Friday, December 30, 2005

2 things

1. becoming new.

each time i go to read anything this week, the same concept keeps being brought back to me: becoming new. i cannot escape it. perhaps in all the places where i am used to being the old me, i am supposed to be reminded to become new again.

i find that old "me" from christmas time... the old me wanting all the best clothes and music- to look the best and to feel the best. the old me wanting to impress my siblings, to feel wanted, to feel on top of everything. the old me just wanting acceptance for things that exist only at the surface.

i find the old "me" within cherished friendships from the past... the old me who used to act a certain way or say certain things-- the"boy crazy" me, or silly, innocent me, lives in her hometown me.

i find the old "me" in my thoughts... wondering if i will ever get married, worrying about how i look, unconcerned with things that truly matter.

i just wonder, what happens in our heads that we revert back to our old "me's" -- what circumstance or situation or setting creates a place for that old person to exist?

i do know this new "me"... i have been discovering her for the past few years and i really really like her. she doesnt care all that much about looking cool or being attractive... she is much more confident and assured than her old silly self, so much wiser and more solid than before... her thoughts are on many things, all complex and layered and intricate and not centered on selfish desires or petty "needs" all the time.

i want to become new. i want this new me. i think i know this new me.

eph 4:22You were taught, with regard to your former way of life, to put off your old self, which is being corrupted by its deceitful desires; 23to be made new in the attitude of your minds; 24and to put on the new self, created to be like God in true righteousness and holiness.

2. mystery

i saw a dear old college friend today. we randomly ran into each other in the strangest of all places (kirkwood ski resort) and ended up riding ski lifts and snowboarding down mountains all afternoon. in one of our ski-lift length conversations, he said something that struck me: he has given up trying to figure out some of the things he was always trying to know and accepted that there are some things he will never understand. i just thought it was one of the most profoundly simple realizations we can have and let it sit with me for a while. being such an overly analytical person, i must spend most of my time in my head trying to work things out (hence this second night of sleeplessness despite total exhaustion from snowboarding all day) and am rarely ever able to admit that there are some things i will never understand.

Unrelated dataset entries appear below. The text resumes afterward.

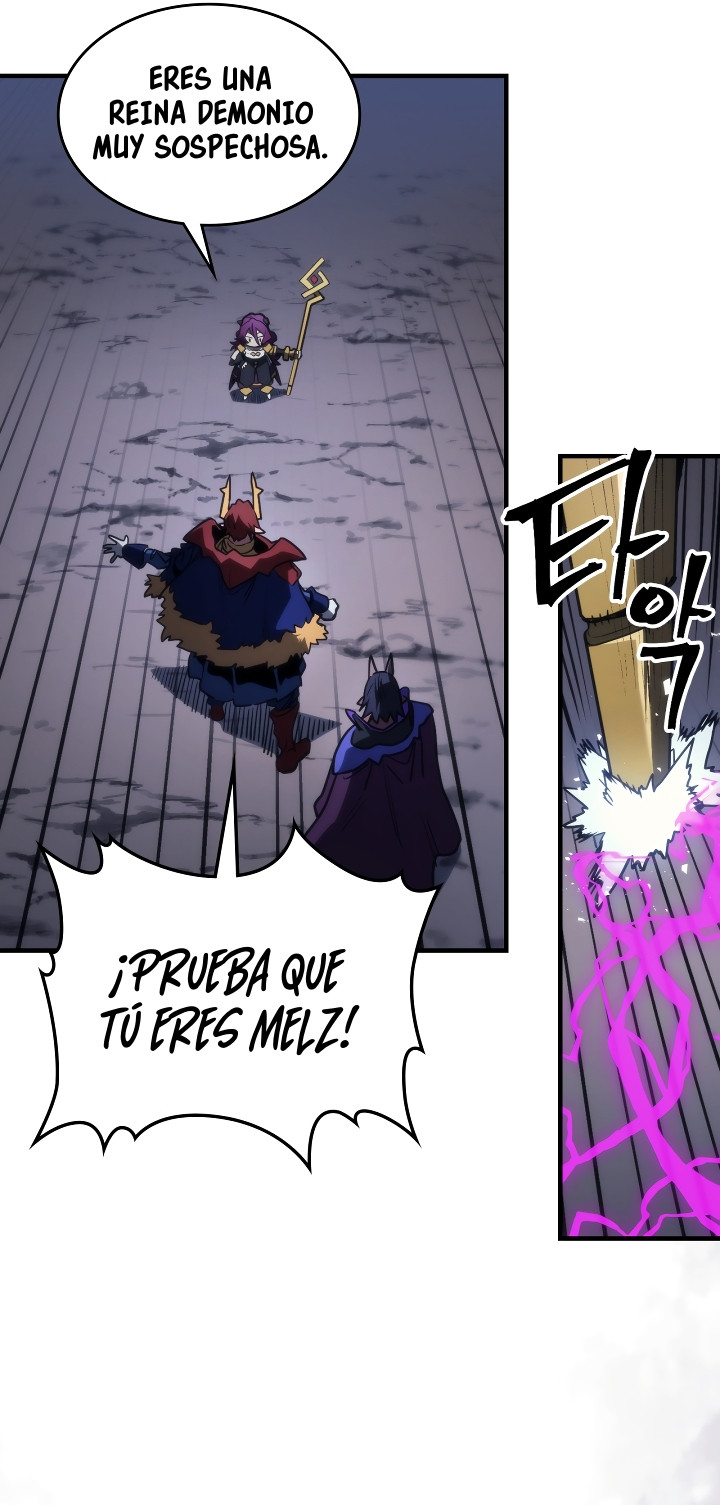Actuando como un jefe final pero soy demasiado vago para ello - Capítulo 115 - Página 44 - LectorTMOo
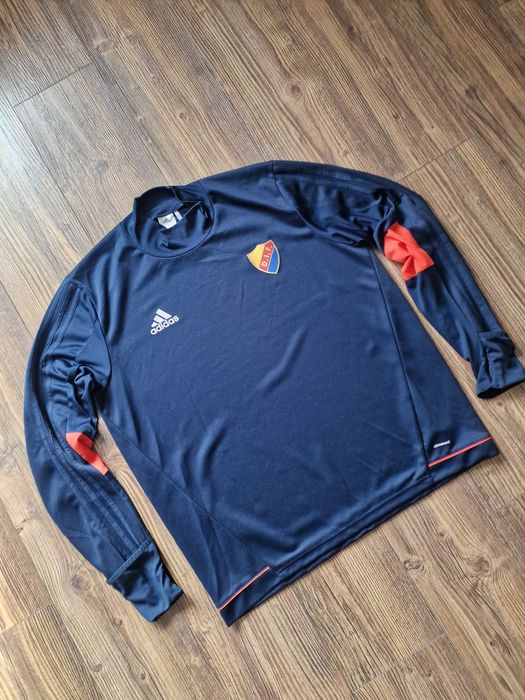 Страхотна мъжка спортна блуза ADIDAS размер XL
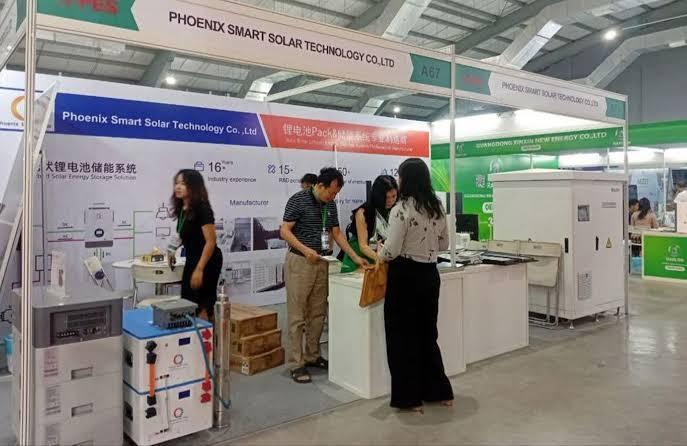 미얀마 양곤 전력전기전자기기 박람회 2026 (Power Expo Myanmar)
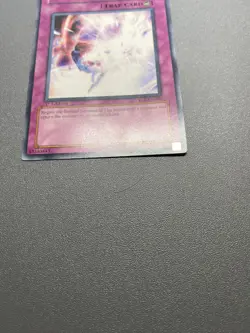 Yu-Gi-Oh! FORCED BACK Rare 1st Edition EOJ-EN060 HP - Image 2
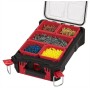 MALETÍN ORGANIZADOR MILWAUKEE PACKOUT PEQUEÑO ref. 4932464083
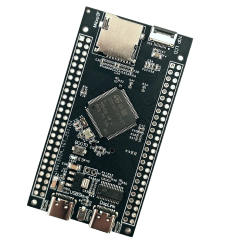 STM32 development board STM32F407VET6 2*CAN 2*RS485 FLASH EEPROM TF Card USB slave DAPLink
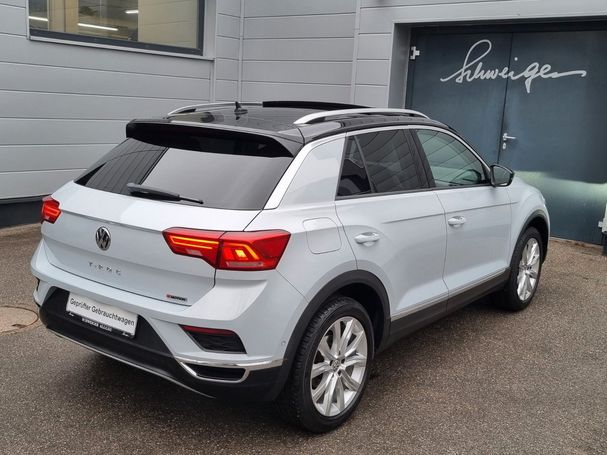 Volkswagen T-Roc 2.0 TDI 4Motion DSG Style 110 kW image number 4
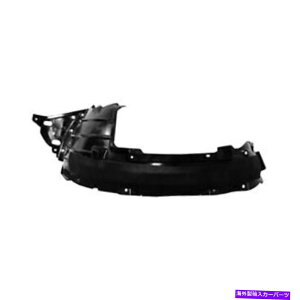 Fender Liner HO1248170VOEMhCo[tgtF_[Ci[vX`bNtBbg2017-2020z_CRV HO1248170 New OEM Driver Front Fender Liner Plastic Fits 2017-2020 Honda CRV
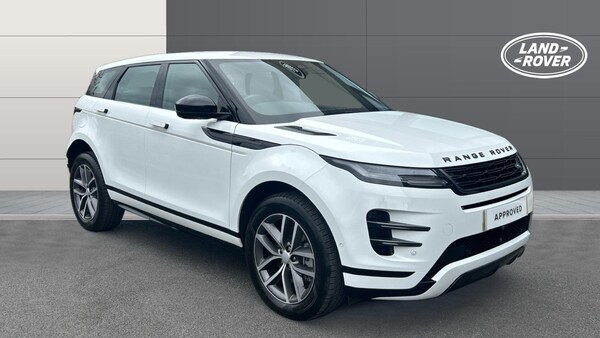 Used Land Rover Range Rover Evoque 2025 for sale - 75649649: Photo 1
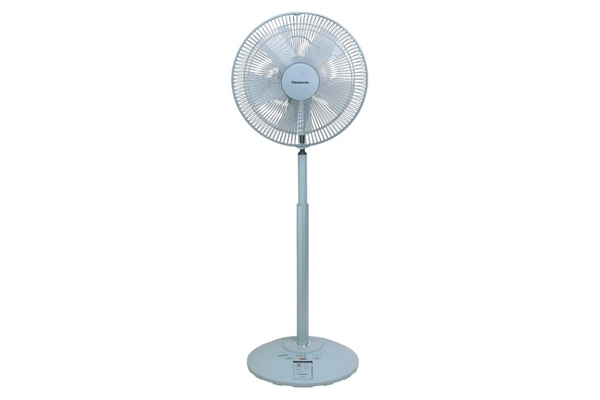 Quạt cây Panasonic gió tự nhiên 1/f yuragi điều khiển từ xa 30cm F-308NH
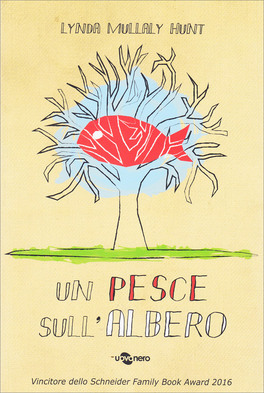 Un Pesce sull'Albero — Libro - 1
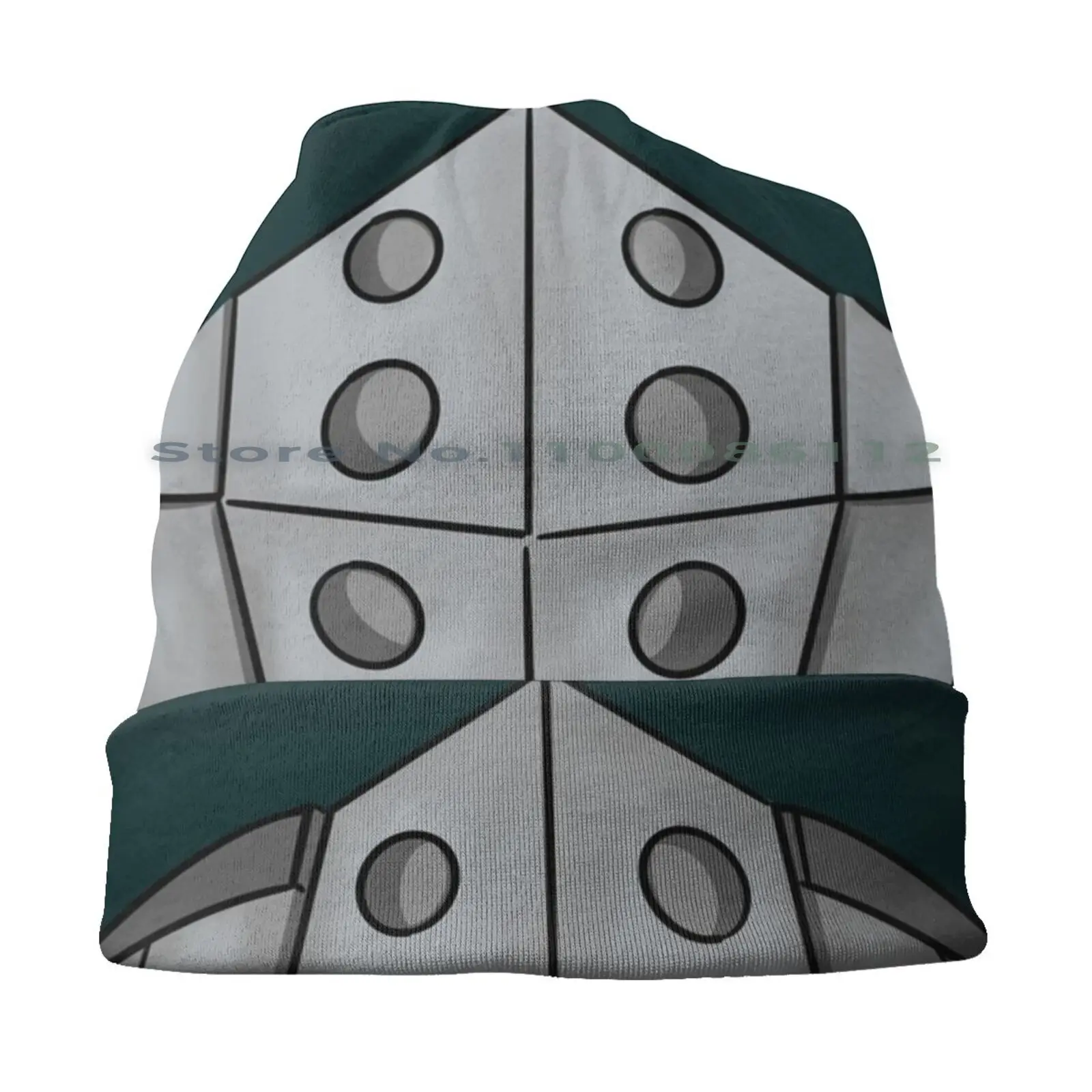 Deku Face Mask Beanies Knit Hat Izuku Midoryia Bnha Mha Boku No Hero Academia Bakugou Kacchan Bakudeku Todoroki Tododeku Ua All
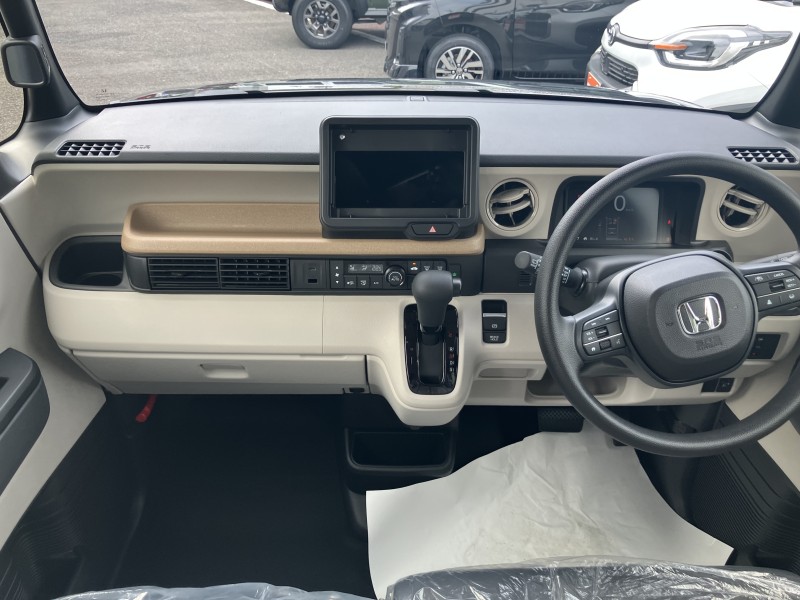 ホンダ N BOX 1枚目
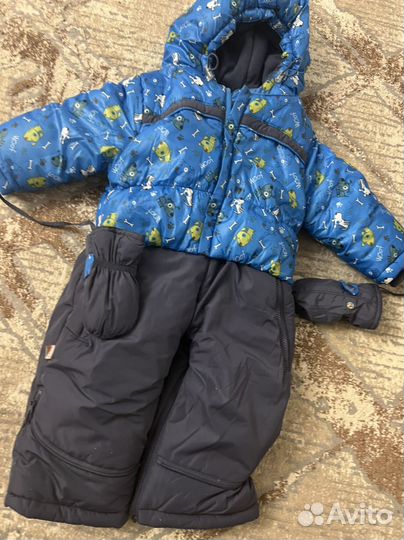 Комбинезоны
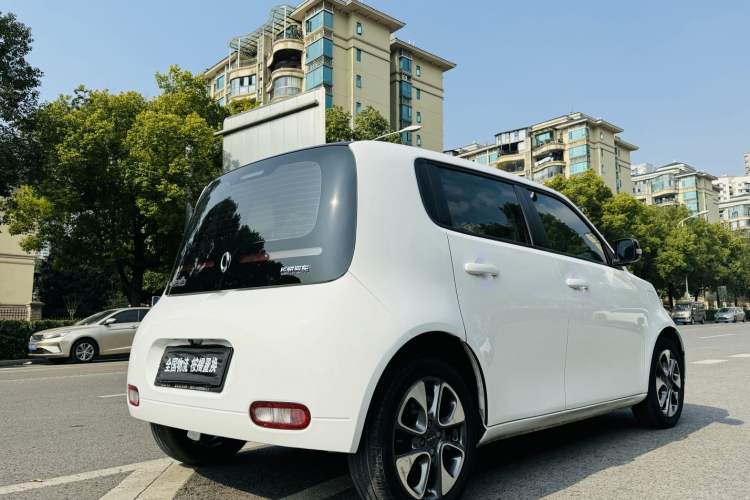 Used ORA White Cat 2020 305 km Luxury Version
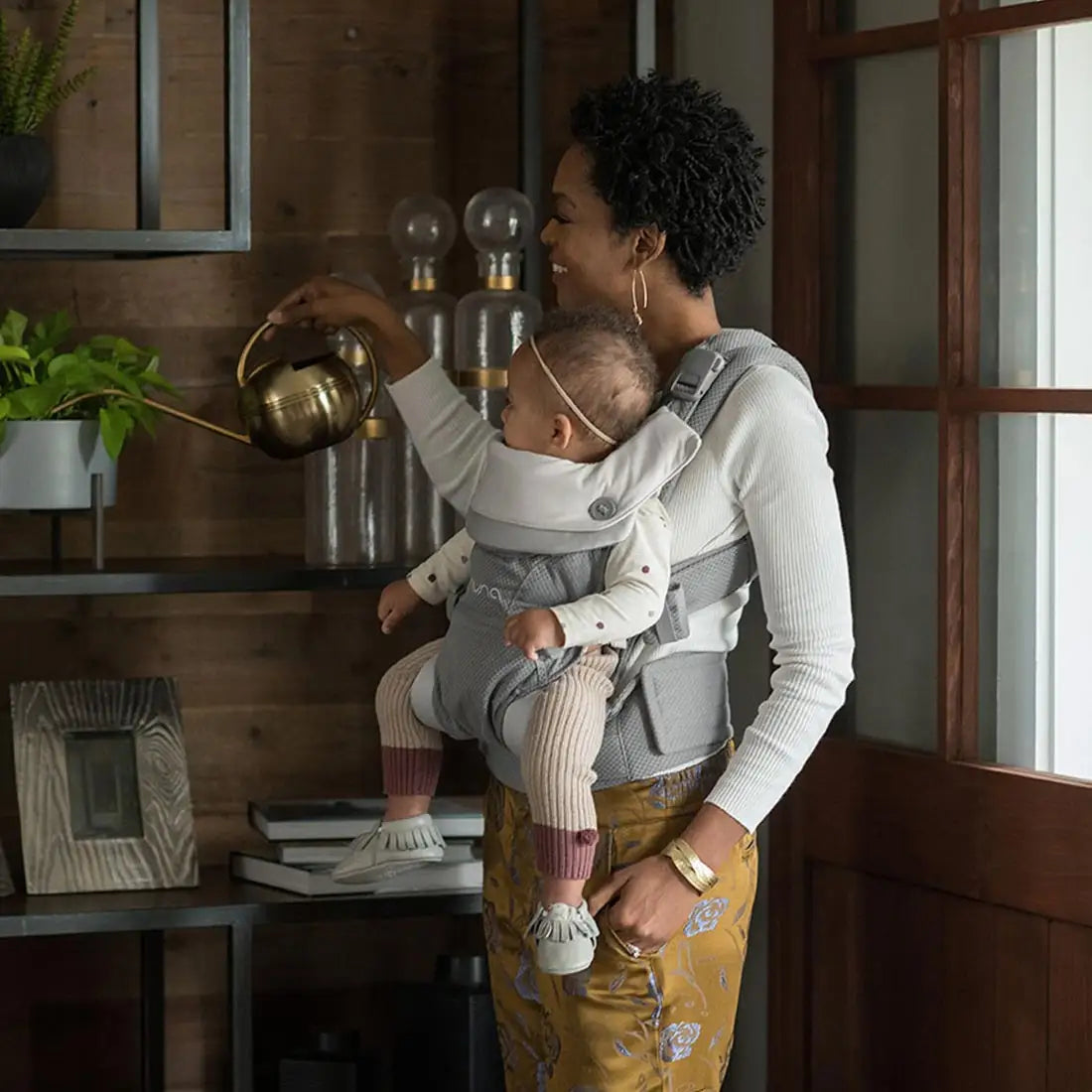 Nuna CUDL 4 in 1 Baby Carrier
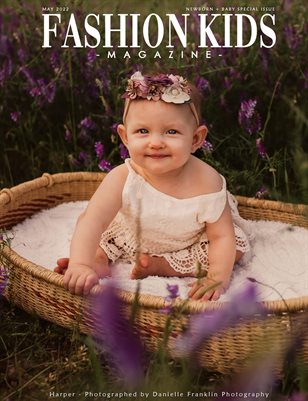 Fashion Kids Magazine | Issue #381 - Newborn + Baby Special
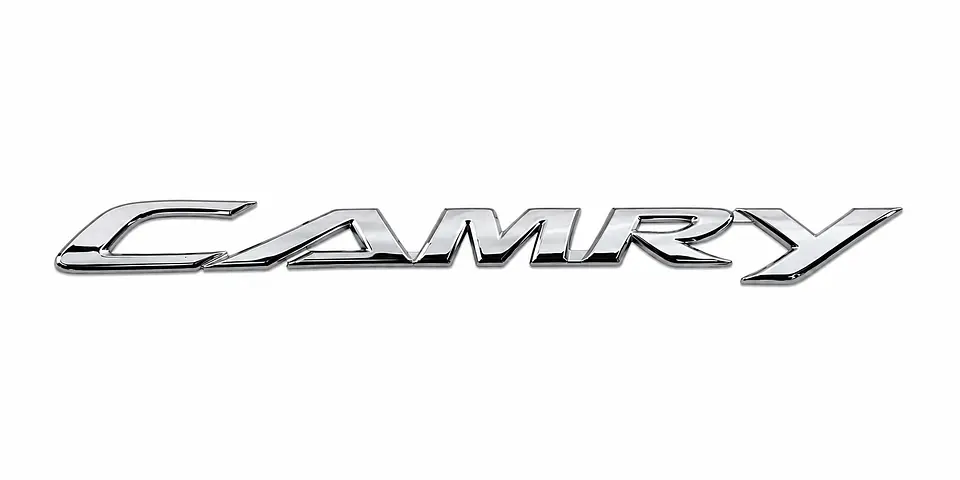 Logo Emblema Para Toyota Camry 17x2cm 1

i have had the fleeting thought over the past couple of years that we will never fully understand the mystery of our world, both inside and out. and i have even played with the idea that i can't fit God into a box: i have said that many times, actually... though the metaphor is very overused, i will admit. but i don't think i have, or am really able to at the moment, fully dwell in any of the mystery of the world, of my self, of other people and of God. but i want to just sit mystery down on the edge of my bed and have a good look at it for awhile. let myself settle in on what it seems to look like and study how it behaves.

i think i like this mystery, this unknowing.

Thursday, December 01, 2005

i needed this

"The only lasting freedom from self-consciousness comes from a profound awareness that God loves me as I am, not as I should be. He loves me beyond worthiness and unworthiness, beyond fidelity and infidelity. He loves me in the morning sun and the evening rain without caution, regret, boundary, limit or breaking point; that no matter what I do, He can't stop loving me. When I am really in conscious communion with the reality of the wild, passionate, relentless, stubborn, pursuing, tender love of God in Jesus Christ for me, then it's not what I've got to or I must or I should or I ought; suddenly I want to change because I know how deeply I am loved."